• **What the task requires**
In the entries below, find the line with "PEMBROKE LAKES SECTION" and the line with "G29 z4 sDrive20i RHD". Print those two and everything between them exactly, and nothing else.

• **Available data**
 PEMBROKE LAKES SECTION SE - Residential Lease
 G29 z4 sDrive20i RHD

--

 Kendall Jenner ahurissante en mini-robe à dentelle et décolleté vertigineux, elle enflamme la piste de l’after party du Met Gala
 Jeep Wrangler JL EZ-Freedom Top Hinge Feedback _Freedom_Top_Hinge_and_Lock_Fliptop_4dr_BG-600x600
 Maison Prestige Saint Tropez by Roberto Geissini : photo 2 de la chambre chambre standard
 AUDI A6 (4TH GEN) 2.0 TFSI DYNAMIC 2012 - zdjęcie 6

• **The completed task**
 PEMBROKE LAKES SECTION SE - Residential Lease
 G29 z4 sDrive20i RHD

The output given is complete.